Sam Ball
- Sam Ball, 1970

No. 73
- Position: Offensive tackle

Personal information
- Born: June 1, 1944 Henderson, Kentucky, U.S.
- Died: October 30, 2023 (aged 79) Henderson, Kentucky, U.S.
- Listed height: 6 ft 4 in (1.93 m)
- Listed weight: 250 lb (113 kg)

Career information
- High school: Henderson County (KY)
- College: Kentucky (1962-1965)
- NFL draft: 1966 (1st round, 15th overall pick)
- AFL draft: 1966 (2nd round, 14th overall pick)

Career history
- Baltimore Colts (1966–1970);

Awards and highlights
- Super Bowl champion (V); NFL champion (1968); Consensus All-American (1965); First-team All-SEC (1965);

Career NFL statistics
- Games played: 61
- Games started: 42
- Fumble recoveries: 2
- Stats at Pro Football Reference

= Sam Ball =

American football player (1944–2023)

Samuel Davis Ball (June 1, 1944 – October 30, 2023) was an American professional football player who was an offensive lineman for the Baltimore Colts of the National Football League (NFL) from 1966 through 1970. During that span, he appeared in Super Bowl III and Super Bowl V for the Colts. He played college football at Kentucky.

==Early life==
Sam Ball was born on June 1, 1944, in Henderson, Kentucky. He was a four-year starter at Henderson County High School where the Colonels posted a 32–2–2 record during his tenure.

==College career==
Ball enrolled at University of Kentucky in 1962, played on the freshman team his first year because then NCAA rules that didn't allow freshmen to play on the varsity teams. He was a three-year letterman under Coach Charlie Bradshaw. As a senior, he earned All-SEC First-Team and
All-America First-Team honors.

==Professional career==
In the 1966 NFL draft, Ball was selected by the Baltimore Colts in the first round with the 15th overall pick. Ball was also drafted in the 1966 AFL draft by the New York Jets in the 2nd round, 14th overall. Ball chose to play with the Colts.
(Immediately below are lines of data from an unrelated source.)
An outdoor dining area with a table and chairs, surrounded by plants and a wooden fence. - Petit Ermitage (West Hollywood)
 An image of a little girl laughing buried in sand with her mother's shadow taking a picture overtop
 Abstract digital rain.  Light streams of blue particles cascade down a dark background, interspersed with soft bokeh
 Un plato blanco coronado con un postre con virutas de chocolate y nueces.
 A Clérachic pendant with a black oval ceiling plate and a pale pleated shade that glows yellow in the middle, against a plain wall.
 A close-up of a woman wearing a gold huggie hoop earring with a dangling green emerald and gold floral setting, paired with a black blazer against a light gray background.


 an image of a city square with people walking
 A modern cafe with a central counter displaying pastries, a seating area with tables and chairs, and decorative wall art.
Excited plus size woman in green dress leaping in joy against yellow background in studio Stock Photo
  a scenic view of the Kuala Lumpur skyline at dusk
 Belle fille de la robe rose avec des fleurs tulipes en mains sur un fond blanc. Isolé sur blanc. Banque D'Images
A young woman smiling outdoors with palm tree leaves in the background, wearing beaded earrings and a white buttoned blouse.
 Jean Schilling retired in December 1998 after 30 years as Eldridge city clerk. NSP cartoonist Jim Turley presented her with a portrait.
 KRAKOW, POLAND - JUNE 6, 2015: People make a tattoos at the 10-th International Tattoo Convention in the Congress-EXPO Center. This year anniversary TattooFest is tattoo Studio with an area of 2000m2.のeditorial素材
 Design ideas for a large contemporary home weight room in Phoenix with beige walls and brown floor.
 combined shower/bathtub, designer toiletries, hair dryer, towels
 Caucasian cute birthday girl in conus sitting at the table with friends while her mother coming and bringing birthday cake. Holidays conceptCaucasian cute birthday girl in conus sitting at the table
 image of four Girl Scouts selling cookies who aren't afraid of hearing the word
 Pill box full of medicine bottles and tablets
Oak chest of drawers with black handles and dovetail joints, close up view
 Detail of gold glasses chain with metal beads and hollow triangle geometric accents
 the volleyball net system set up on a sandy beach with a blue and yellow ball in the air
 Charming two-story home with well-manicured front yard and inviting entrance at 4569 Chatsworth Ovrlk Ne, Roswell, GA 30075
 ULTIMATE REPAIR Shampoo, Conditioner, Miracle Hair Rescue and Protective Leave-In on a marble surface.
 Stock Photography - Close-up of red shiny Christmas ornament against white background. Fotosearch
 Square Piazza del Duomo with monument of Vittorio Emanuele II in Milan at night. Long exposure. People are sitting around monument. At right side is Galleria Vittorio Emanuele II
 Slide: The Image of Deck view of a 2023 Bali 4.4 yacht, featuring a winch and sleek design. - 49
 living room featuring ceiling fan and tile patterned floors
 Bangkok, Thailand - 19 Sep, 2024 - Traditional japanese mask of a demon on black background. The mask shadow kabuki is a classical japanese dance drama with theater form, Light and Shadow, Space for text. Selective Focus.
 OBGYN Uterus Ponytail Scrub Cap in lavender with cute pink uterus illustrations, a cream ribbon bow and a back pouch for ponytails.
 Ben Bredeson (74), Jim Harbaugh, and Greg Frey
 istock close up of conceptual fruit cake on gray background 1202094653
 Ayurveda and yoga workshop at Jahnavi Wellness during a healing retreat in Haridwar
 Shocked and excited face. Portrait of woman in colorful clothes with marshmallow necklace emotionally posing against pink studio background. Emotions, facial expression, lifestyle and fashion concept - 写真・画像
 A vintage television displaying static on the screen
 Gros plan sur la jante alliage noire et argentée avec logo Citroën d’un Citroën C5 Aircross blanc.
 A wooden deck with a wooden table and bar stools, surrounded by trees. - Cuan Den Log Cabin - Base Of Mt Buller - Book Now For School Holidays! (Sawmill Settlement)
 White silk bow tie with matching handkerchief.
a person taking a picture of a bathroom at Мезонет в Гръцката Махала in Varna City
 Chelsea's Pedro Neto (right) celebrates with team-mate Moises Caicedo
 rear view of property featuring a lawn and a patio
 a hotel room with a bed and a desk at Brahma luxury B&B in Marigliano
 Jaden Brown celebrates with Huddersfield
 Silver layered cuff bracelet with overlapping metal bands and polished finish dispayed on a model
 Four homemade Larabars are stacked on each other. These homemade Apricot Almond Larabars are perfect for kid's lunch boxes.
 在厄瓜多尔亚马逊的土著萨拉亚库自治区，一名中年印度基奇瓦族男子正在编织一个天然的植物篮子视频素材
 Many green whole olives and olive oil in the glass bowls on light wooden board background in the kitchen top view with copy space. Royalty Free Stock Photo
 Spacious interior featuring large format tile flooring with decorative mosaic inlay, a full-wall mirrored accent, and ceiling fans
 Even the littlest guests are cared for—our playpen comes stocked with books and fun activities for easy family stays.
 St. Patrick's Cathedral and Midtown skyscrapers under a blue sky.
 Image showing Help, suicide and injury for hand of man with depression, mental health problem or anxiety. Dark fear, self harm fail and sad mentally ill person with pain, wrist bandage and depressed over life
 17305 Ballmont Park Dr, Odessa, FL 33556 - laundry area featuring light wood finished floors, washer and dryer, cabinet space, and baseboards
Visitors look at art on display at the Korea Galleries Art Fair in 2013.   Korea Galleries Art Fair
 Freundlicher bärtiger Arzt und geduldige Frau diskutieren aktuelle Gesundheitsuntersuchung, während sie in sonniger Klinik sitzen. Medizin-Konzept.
Ball saw limited playing time as a rookie in 1966, making appearances in seven games. He earned a starting role the next year, which he maintained for most of his career.

In the 1968 season, the Colts won the NFL Championship before losing to the Jets in Super Bowl III. In 1970, Ball was a member of the Colts' Super Bowl V winning team, which was his last professional football game.

==Post-football life==
Ball returned to Henderson, Kentucky after retiring from professional football. He was a seed salesman, ran a cattle ranch, and was served as a motivational speaker.

==Death and legacy==
Ball died in Henderson, Kentucky, on October 30, 2023, at the age of 79.